Summer program challenges pupils


By HAROLD GWIN

VINDICATOR EDUCATION WRITER

YOUNGSTOWN — Nadine White was impressed with the computer skills displayed by her daughter, Lindsey, who will be entering the fifth grade in the city school system this fall.

“She’s teaching me things,” the North Side mother said as she visited her daughter’s Summer Enrichment Program class at Williamson Elementary on Thursday.

The program is six weeks of summer school offered to children entering third, fourth and fifth grades this fall and about 125 pupils from across the city are attending, said Wanda Clark, summer school enrichment principal. The program is free and the district provides the transportation. Children are in the school for three hours a day.

Williamson held a “Learning Cafe” session at the school Thursday to show the parents of those children what they are learning.

“It’s almost like a summer camp,” Clark said, adding that the children are being exposed to material they will be required to learn in the next school year.

Like the pupils, teachers in the program came from across the district, creating almost a family atmosphere with one common goal —­ excellence in education, she said.

“I like everything I’ve seen so far,” White said as she left her daughter’s classroom where Lindsey was using a computer to study fractions.

The enrichment program is a worthwhile effort, White said.

A highlight of the Learning Cafe was the creation of an “Alex’s Lemonade Stand” by pupils in Stacie Shepard’s social studies and reading class.

Introducing children to economics is one of the state academic standard requirements for those in the fourth grade and Shepard said she was searching for some way to do that when she learned about Alex’s Lemonade Stand, a foundation created in the memory of Alexandra Scott, a Philadelphia girl who set up a lemonade stand in her own yard to raise money for childhood cancer research.

Alex, as she called herself, was diagnosed with cancer at age 1, and, in 2000, set up her fund-raising lemonade stand. She died in 2004.

The foundation sponsors annual Lemonade Days each year in her honor and had 2,000 participants across the country in this year’s event in early June. The effort has raised $20 million for childhood cancer research.

It is a good cause and a good way to teach children the economics of setting up and running their own small business, Shepard said.

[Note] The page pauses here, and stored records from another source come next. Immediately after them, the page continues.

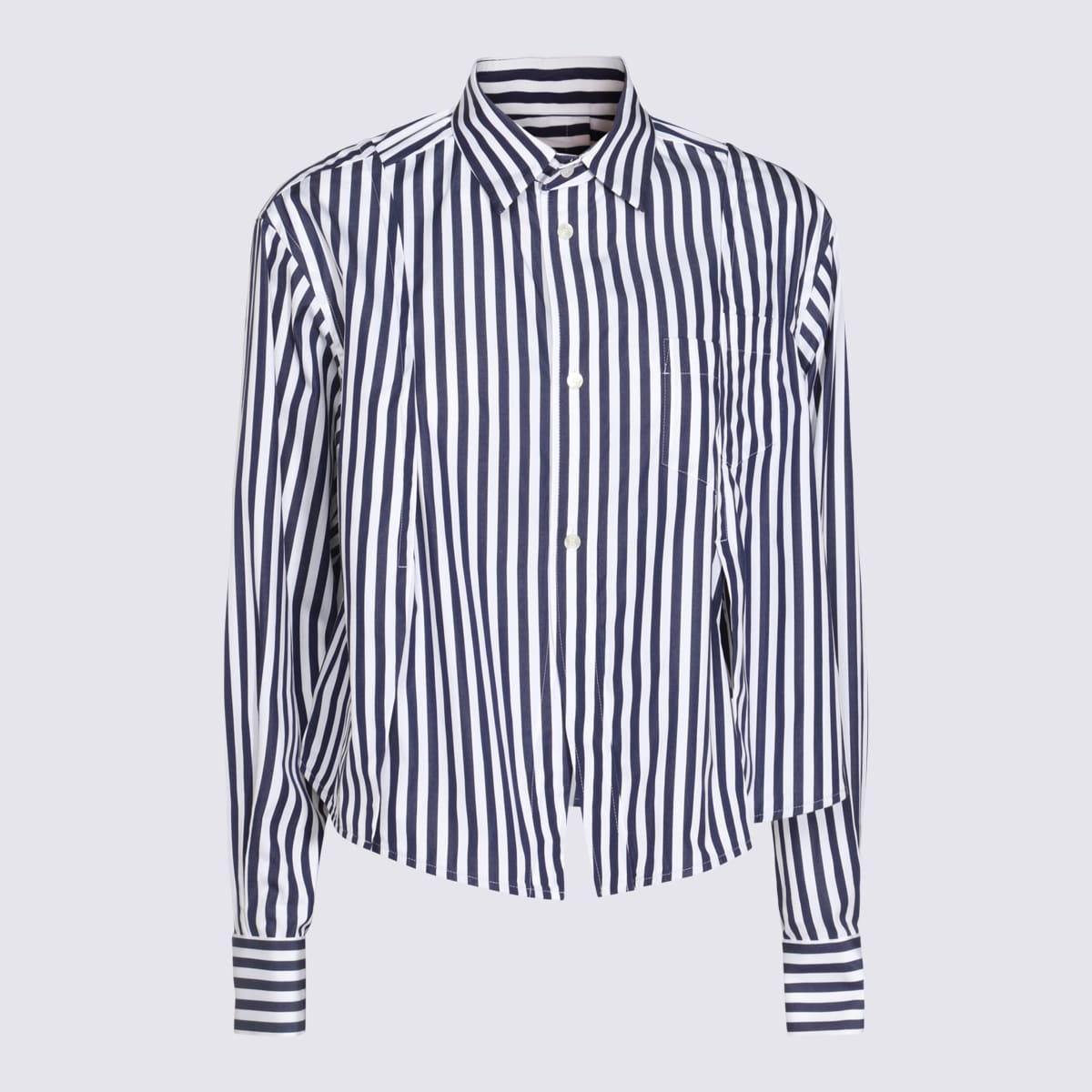 Sacai White And Navy Cotton Shirt In Navy Stripe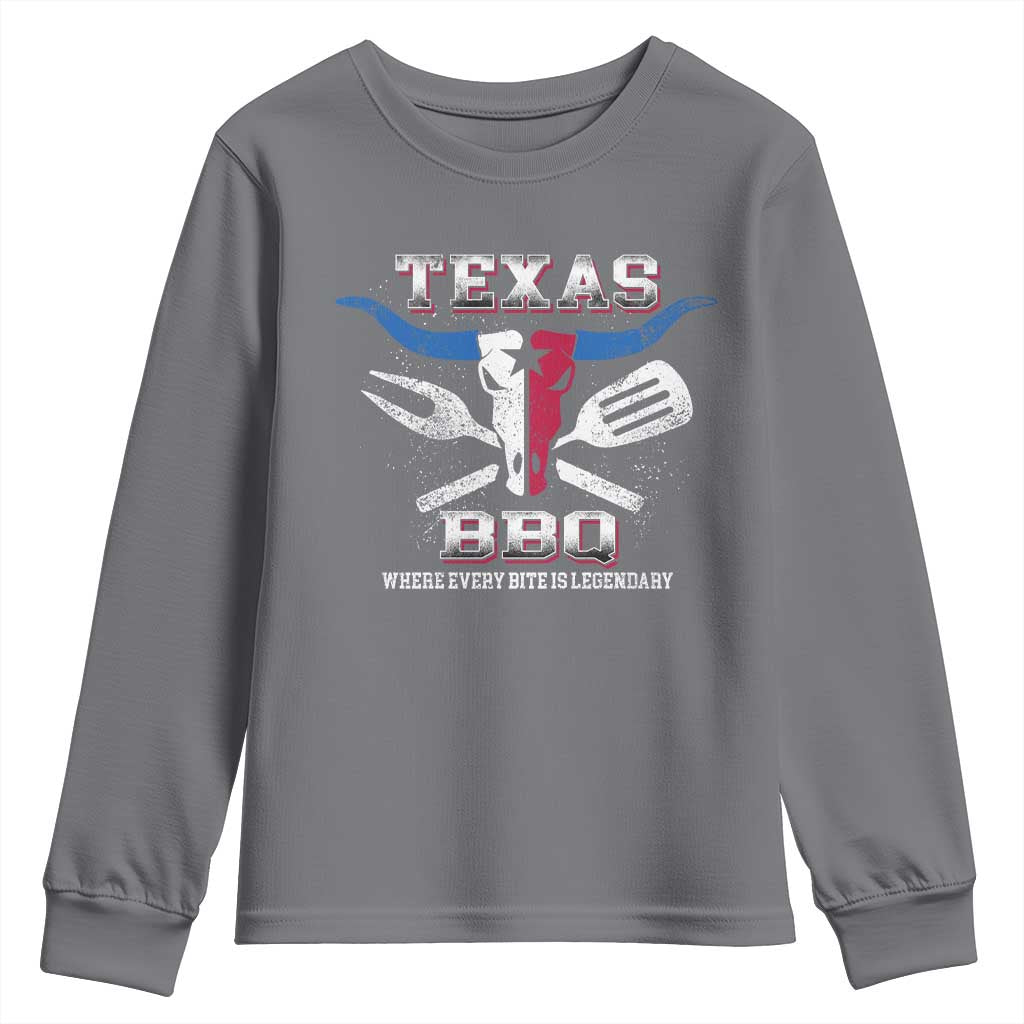 Texas BBQ Lover Youth Sweatshirt Where Every Bite Is Legendary Texan Flag TS09 Charcoal Print Your Wear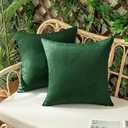 Woaboy Set of 2 Outdoor Waterproof Throw Pillow Covers Decorative Farmhouse Linen Pillowcases Solid Cushion Cases for Patio Tent Balcony Couch Sofa Livingroom Green 18x18 inch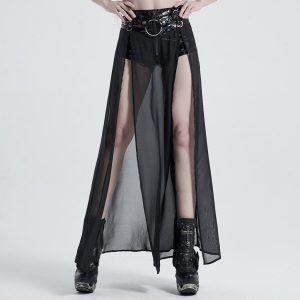 Punk-style Black Mesh Patchwork Faux Two-piece Skirt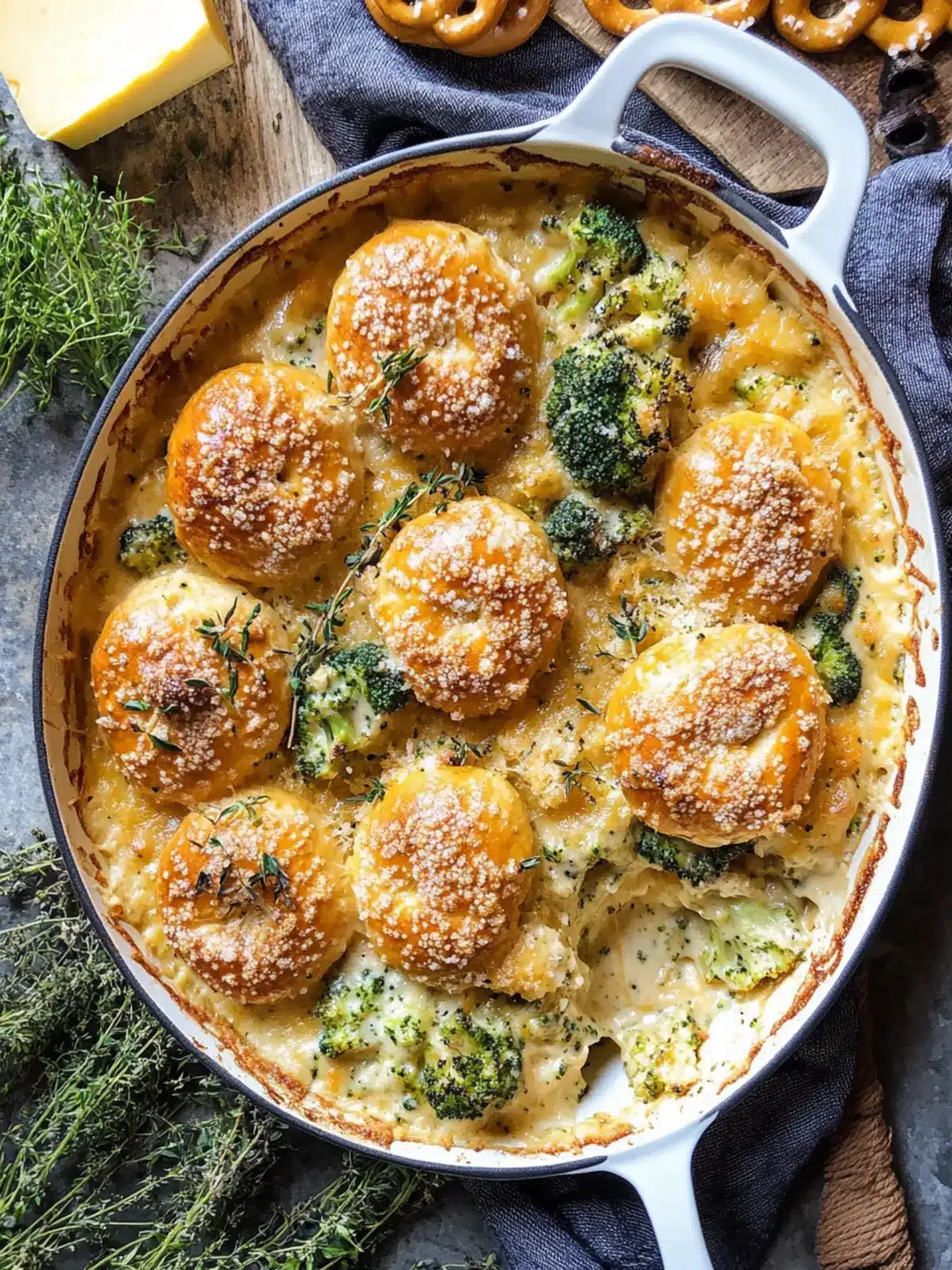 Creamy Broccoli Cheddar Casserole with Garlic Butter Pretzels 2 Creamy Broccoli Cheddar Casserole with Garlic Butter Pretzels
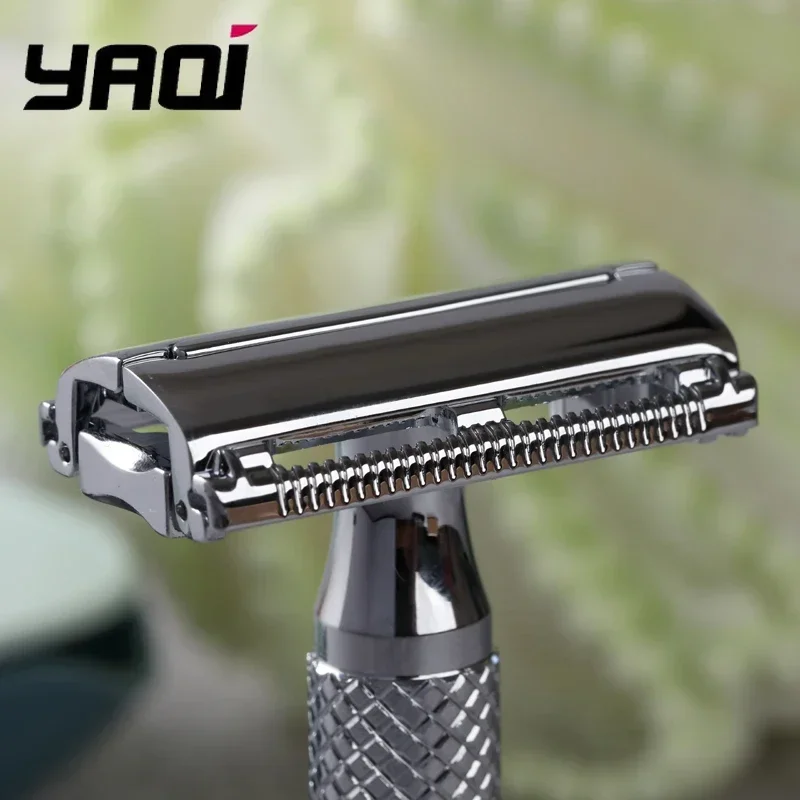 YAQI Monarch Chrome Color Safety Razor and Shaving Soap Kit for Facial Cleansing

The money they raised will go to childhood cancer research, she said.

“I’m on the job,” volunteered Znayia Brown, who was working as a cashier at the stand. “I learned that it was fun,” she added.

Miya Jefferson was handing out the lemonade and pointed out that she was good at her assigned task.

Brendon Moorer said it was his job to put a slice of lemon in each cup, and he was very careful, not spilling a drop.

Nechelle Caban was keeping track of the number of people visiting the stand, using a mechanical clicker to record each visit.

Other children called her “the click-clack lady.”

“Seventy-seven,” she replied as she glanced at the clicker in her hand when asked how many people had visited the stand.

Wilson Martinez and his wife, Nolbia, who live on the city’s West Side, were visiting the school to view the work of their daughter, Keissi, who will be a third-grader this fall.

The enrichment program has been very beneficial for her, Martinez said, explaining that she had been having some problems with math but now is doing quite well on her own.